Locate the line containing "Общество Story: Сорвиголова" in the material below. Copy that line and all following lines through the end exactly, omitting any pictures.

**DATA PROVIDED:**
>>>

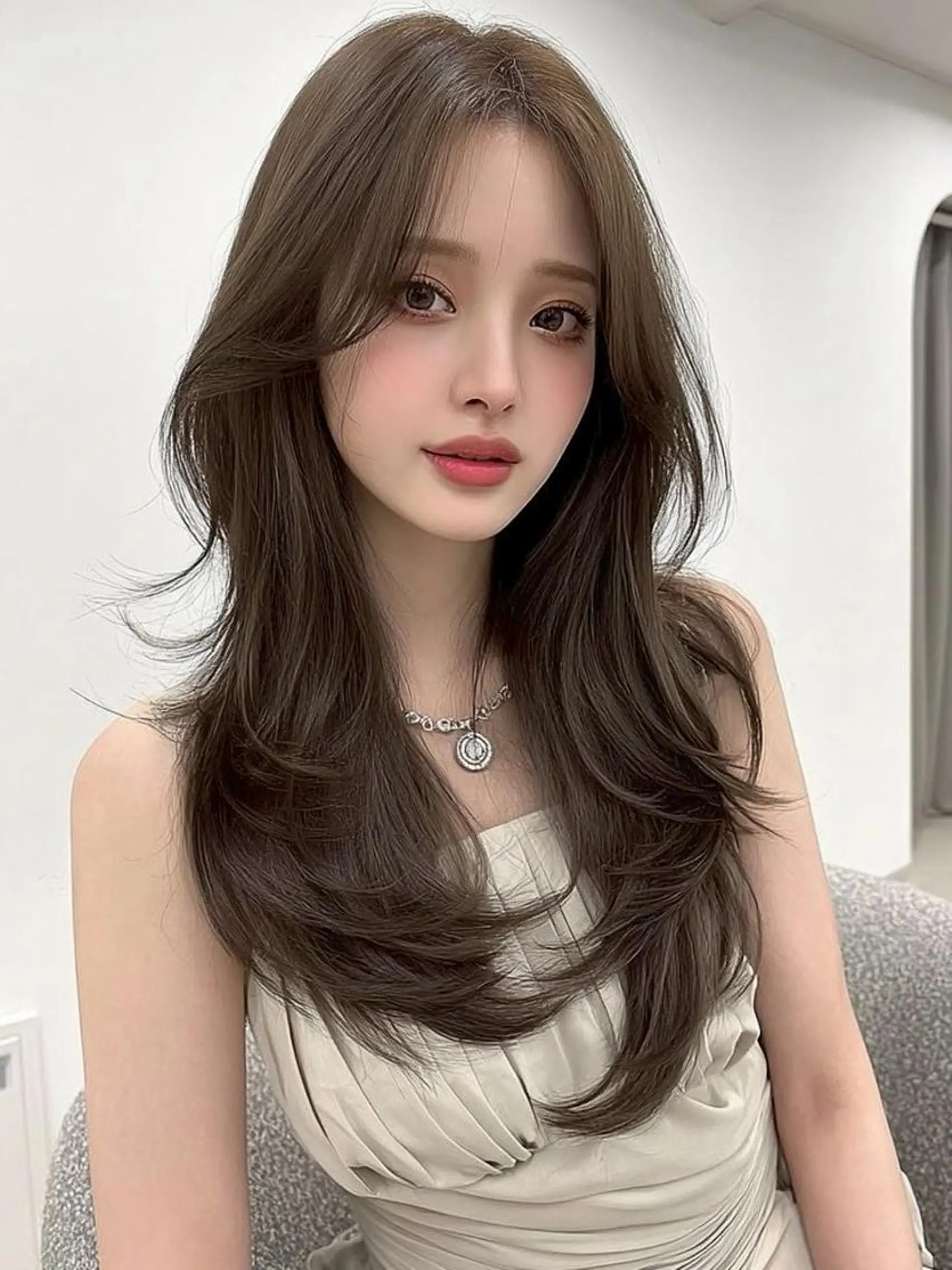 セミロング 韓国風ヘア レイヤーカット カット ヘアカラー トリートメント KANA/天王寺 🎀🫧のマツエク・マツパデザイン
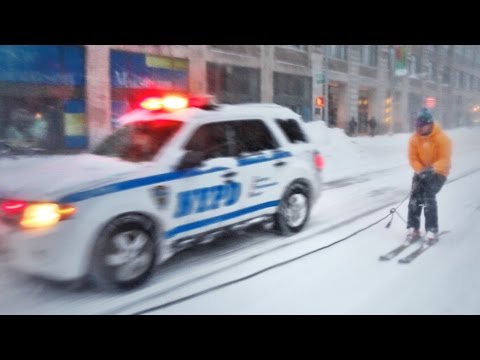 Общество Story: Сорвиголова катается на сноуборде по заснеженным улицам Нью-Йорка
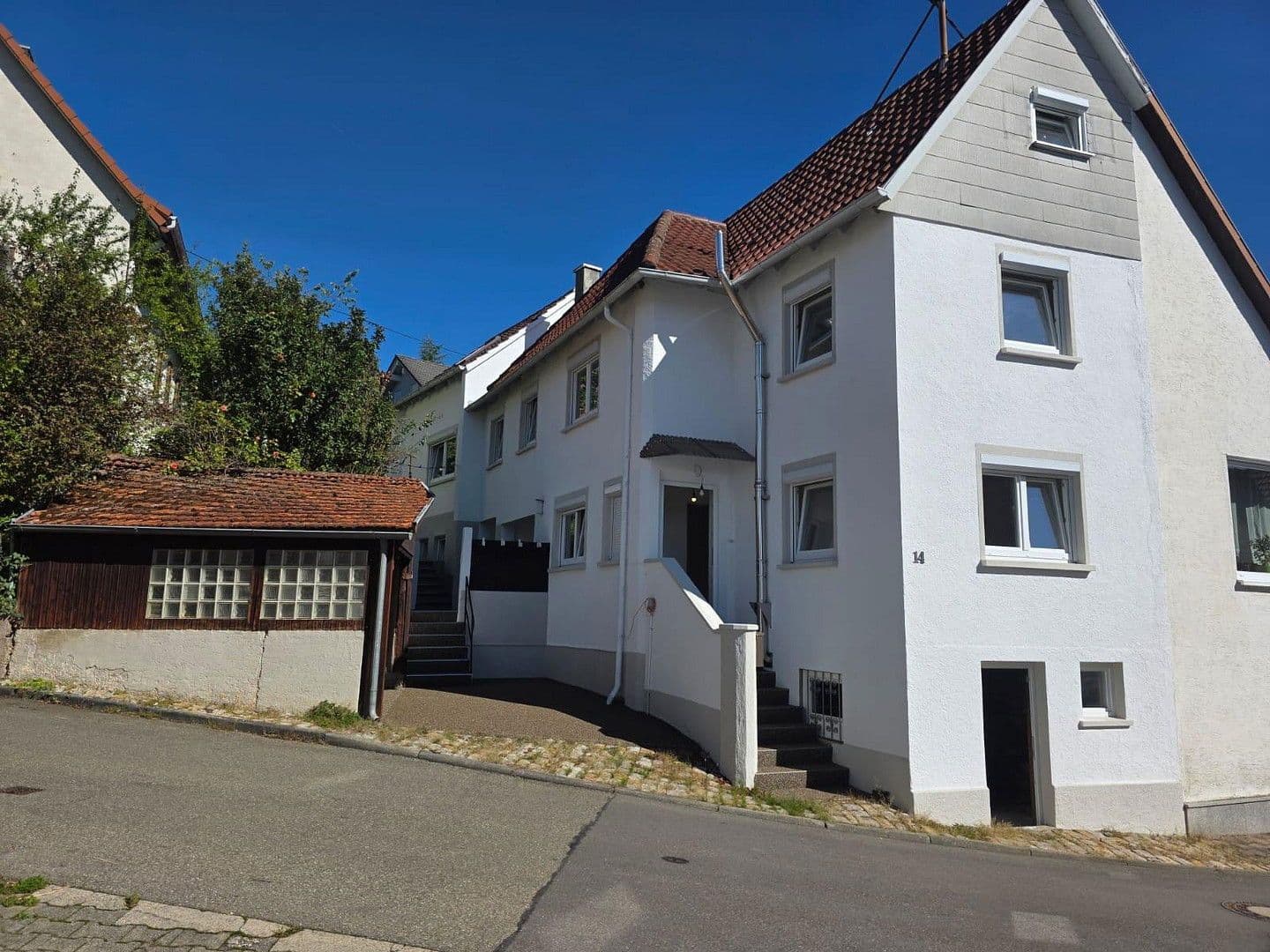 Prodej domu 135 m², pozemek 305 m², Böllatstrasse 14, Nürtingen, Bádensko-Württembersko Prodej domu 135 m², pozemek 305 m², Böllatstrasse 14, Nürtingen, Bádensko-Württembersko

<<<

**ANSWER TO THIS TASK:**
 Общество Story: Сорвиголова катается на сноуборде по заснеженным улицам Нью-Йорка
 Prodej domu 135 m², pozemek 305 m², Böllatstrasse 14, Nürtingen, Bádensko-Württembersko Prodej domu 135 m², pozemek 305 m², Böllatstrasse 14, Nürtingen, Bádensko-Württembersko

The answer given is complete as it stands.